(Recorded data)

============================================================

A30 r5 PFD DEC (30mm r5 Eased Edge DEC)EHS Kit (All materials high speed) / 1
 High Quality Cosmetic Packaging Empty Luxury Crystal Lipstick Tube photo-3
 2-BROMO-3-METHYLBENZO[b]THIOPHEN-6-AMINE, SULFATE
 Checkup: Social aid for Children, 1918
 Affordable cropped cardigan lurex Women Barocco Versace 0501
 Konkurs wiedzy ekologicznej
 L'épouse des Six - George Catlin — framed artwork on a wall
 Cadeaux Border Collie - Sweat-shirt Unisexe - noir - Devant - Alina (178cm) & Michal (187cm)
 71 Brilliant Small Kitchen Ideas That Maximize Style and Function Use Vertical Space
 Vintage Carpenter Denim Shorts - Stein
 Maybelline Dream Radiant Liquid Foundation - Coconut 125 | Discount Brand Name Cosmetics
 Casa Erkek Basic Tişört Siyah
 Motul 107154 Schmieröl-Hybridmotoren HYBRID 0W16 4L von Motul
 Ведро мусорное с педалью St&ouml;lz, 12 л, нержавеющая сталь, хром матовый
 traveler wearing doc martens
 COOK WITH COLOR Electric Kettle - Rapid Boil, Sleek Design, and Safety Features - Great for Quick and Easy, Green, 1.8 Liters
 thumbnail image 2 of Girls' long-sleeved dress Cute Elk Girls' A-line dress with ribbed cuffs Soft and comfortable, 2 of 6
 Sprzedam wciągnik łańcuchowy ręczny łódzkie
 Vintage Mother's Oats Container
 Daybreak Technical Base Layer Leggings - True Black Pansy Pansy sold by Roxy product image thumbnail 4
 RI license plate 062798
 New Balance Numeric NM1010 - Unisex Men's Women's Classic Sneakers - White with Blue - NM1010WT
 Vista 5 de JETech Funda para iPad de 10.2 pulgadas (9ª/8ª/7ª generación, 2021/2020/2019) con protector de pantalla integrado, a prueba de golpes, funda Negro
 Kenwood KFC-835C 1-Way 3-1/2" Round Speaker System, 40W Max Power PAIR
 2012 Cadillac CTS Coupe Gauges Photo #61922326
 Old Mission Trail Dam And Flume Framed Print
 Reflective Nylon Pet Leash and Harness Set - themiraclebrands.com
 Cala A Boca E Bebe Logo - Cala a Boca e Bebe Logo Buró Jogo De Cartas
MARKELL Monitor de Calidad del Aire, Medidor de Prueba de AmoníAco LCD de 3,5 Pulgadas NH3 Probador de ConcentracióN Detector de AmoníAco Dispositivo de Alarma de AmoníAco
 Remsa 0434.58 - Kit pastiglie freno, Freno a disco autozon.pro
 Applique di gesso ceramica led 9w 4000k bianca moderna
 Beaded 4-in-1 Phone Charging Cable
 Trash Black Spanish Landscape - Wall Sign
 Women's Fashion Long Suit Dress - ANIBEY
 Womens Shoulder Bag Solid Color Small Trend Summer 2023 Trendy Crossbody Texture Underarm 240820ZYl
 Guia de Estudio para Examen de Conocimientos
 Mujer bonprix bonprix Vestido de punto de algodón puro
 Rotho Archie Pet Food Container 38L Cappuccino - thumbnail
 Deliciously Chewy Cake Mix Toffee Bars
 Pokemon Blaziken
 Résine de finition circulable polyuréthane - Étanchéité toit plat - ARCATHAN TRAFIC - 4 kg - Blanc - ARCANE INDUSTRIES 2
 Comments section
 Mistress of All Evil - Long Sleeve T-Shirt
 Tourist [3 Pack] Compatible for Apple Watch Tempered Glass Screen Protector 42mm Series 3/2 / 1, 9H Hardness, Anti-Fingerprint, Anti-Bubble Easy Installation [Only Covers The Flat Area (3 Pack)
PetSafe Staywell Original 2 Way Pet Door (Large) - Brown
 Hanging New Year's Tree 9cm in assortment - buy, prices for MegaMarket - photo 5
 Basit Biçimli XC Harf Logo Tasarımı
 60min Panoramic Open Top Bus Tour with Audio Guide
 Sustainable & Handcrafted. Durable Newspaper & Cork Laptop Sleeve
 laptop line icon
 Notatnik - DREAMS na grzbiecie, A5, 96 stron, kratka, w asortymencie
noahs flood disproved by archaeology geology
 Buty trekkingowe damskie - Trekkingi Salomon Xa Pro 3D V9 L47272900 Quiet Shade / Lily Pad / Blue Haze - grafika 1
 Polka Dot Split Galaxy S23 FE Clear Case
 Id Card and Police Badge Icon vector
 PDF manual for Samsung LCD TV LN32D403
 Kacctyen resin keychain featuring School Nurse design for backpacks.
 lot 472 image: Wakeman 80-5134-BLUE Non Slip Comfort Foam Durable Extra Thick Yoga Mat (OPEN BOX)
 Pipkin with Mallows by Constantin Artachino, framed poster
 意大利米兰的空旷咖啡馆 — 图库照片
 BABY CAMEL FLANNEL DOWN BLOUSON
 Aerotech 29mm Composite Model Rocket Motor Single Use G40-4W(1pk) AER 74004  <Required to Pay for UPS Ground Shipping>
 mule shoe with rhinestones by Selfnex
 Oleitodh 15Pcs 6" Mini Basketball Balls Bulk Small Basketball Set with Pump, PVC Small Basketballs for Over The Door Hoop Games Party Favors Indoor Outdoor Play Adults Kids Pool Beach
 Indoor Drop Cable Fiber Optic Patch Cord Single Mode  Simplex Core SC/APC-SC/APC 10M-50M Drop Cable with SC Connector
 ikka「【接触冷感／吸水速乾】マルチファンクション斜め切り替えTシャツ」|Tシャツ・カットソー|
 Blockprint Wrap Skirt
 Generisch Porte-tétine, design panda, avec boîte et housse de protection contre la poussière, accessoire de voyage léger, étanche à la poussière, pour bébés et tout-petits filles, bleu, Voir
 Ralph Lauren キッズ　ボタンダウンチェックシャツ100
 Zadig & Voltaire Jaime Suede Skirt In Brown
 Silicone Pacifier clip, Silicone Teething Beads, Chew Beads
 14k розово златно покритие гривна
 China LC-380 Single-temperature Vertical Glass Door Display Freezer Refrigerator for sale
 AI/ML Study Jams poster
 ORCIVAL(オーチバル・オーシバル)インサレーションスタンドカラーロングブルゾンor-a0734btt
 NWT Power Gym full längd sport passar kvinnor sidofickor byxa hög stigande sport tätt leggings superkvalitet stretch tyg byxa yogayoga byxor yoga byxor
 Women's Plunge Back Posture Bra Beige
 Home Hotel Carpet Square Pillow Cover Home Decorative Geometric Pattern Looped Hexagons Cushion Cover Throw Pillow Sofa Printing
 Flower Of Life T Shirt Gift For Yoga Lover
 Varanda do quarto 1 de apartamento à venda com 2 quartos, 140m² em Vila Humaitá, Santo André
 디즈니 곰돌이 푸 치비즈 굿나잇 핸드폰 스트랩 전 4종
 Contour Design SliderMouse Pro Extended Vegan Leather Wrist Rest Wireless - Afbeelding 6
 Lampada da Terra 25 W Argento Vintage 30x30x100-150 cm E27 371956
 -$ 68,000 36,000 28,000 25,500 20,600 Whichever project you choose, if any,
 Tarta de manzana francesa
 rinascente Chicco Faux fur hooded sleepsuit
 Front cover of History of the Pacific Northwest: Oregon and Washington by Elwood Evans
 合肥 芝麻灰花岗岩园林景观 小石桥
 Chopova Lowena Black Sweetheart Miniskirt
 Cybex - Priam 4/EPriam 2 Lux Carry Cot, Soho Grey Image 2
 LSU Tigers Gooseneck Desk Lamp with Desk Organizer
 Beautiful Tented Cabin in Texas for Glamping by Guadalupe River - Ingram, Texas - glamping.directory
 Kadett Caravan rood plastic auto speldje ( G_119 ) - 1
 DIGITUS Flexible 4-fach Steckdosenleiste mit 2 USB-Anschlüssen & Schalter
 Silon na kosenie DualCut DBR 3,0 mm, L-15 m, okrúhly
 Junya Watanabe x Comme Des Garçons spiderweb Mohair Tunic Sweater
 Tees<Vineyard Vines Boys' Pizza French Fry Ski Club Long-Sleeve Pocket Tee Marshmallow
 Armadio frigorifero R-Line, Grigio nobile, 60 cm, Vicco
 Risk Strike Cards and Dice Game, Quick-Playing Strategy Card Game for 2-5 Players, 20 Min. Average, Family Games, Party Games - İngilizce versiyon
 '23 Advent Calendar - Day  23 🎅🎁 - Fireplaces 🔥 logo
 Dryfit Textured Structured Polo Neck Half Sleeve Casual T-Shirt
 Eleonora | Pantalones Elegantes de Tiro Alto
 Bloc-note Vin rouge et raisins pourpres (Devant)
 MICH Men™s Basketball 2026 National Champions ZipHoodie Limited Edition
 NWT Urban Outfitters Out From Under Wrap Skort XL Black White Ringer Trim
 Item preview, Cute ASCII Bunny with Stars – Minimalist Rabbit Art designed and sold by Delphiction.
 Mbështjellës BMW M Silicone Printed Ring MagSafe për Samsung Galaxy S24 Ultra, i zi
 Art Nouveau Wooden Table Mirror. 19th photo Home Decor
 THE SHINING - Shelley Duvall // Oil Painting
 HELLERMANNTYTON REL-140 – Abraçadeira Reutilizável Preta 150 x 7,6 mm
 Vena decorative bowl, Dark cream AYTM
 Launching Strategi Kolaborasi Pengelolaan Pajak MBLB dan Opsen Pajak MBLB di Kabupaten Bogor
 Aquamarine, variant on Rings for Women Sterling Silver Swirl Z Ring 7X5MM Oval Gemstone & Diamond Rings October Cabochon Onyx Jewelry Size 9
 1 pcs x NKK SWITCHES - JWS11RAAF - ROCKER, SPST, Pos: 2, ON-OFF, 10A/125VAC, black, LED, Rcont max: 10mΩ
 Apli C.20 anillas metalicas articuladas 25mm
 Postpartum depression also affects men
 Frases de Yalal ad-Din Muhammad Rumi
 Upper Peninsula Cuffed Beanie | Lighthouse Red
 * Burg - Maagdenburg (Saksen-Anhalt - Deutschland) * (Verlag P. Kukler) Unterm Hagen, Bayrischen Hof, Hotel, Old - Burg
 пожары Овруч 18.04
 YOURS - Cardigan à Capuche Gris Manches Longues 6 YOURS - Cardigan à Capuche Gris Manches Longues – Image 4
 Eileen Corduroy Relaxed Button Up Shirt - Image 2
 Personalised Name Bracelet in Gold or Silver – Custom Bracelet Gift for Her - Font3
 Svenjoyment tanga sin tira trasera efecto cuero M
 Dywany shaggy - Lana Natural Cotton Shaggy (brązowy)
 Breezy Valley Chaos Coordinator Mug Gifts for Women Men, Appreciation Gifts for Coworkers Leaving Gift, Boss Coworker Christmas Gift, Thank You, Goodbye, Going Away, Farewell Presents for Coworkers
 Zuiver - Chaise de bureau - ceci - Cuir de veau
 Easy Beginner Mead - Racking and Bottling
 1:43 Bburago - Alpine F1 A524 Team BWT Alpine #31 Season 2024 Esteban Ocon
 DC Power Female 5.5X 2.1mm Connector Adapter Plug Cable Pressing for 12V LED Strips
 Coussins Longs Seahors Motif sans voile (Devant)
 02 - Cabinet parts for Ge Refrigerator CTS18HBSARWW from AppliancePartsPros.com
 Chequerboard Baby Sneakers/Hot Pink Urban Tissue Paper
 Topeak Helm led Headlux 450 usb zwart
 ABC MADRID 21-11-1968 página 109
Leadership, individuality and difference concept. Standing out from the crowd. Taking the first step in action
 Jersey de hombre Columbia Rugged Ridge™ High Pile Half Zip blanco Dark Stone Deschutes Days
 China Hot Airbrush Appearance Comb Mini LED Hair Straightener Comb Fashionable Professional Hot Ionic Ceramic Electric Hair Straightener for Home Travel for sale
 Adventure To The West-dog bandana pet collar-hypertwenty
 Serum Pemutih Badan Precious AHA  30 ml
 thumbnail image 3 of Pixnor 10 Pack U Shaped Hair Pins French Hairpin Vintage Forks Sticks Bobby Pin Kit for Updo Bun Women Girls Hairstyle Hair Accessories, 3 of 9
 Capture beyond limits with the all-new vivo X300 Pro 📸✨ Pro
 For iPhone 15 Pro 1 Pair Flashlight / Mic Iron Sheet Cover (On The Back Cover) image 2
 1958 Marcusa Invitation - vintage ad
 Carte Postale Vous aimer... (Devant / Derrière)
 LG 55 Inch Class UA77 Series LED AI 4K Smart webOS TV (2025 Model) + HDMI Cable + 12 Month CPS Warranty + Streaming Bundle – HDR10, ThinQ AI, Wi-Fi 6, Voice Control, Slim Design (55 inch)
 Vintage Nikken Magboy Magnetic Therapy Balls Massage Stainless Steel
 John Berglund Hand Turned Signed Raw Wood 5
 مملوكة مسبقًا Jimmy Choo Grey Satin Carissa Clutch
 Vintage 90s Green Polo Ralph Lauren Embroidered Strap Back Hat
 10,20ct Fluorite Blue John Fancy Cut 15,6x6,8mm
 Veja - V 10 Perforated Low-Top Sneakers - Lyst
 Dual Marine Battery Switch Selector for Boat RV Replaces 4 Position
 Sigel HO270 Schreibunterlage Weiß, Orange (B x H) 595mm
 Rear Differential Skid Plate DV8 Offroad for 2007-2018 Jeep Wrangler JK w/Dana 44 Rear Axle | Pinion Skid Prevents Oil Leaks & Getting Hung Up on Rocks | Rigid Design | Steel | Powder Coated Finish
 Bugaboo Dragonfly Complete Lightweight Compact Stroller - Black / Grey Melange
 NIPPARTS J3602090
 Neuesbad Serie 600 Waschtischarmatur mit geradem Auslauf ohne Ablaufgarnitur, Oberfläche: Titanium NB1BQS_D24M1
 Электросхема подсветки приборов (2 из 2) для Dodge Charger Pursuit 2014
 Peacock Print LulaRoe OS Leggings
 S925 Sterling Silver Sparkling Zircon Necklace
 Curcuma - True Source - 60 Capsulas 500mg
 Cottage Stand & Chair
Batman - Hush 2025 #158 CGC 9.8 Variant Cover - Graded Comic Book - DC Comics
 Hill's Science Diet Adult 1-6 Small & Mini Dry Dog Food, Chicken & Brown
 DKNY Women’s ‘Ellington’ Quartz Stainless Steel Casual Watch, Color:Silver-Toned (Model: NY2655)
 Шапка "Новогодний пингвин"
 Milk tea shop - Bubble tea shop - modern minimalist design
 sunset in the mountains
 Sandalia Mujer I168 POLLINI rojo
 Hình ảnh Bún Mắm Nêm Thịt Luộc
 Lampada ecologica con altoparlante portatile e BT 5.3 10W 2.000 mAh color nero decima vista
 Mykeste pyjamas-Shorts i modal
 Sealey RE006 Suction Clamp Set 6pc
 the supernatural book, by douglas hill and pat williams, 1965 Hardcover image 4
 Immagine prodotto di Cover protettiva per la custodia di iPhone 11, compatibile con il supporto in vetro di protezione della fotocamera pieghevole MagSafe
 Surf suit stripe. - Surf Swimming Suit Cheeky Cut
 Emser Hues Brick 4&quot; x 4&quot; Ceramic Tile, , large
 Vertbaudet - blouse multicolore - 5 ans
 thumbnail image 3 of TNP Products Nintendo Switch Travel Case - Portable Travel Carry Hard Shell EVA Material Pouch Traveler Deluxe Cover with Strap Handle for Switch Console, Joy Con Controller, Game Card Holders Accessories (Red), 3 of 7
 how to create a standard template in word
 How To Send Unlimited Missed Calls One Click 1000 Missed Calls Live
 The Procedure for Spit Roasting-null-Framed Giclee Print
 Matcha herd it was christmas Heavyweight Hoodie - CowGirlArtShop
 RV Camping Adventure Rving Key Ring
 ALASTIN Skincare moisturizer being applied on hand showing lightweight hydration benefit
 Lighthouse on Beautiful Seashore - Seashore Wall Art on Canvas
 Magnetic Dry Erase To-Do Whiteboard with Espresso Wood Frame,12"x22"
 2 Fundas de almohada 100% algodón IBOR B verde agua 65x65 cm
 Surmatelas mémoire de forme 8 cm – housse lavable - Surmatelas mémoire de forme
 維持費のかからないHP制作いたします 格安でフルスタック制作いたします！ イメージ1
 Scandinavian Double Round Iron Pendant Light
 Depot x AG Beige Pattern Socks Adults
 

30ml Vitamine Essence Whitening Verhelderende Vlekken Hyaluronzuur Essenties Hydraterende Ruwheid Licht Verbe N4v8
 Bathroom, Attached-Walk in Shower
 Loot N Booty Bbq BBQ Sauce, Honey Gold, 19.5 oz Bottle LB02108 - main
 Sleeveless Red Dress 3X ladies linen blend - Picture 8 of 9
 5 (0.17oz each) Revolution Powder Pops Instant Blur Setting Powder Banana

============================================================

Task: Count every line of the data above where "Hotel" appears, and give the total only.

Answer to this problem: 2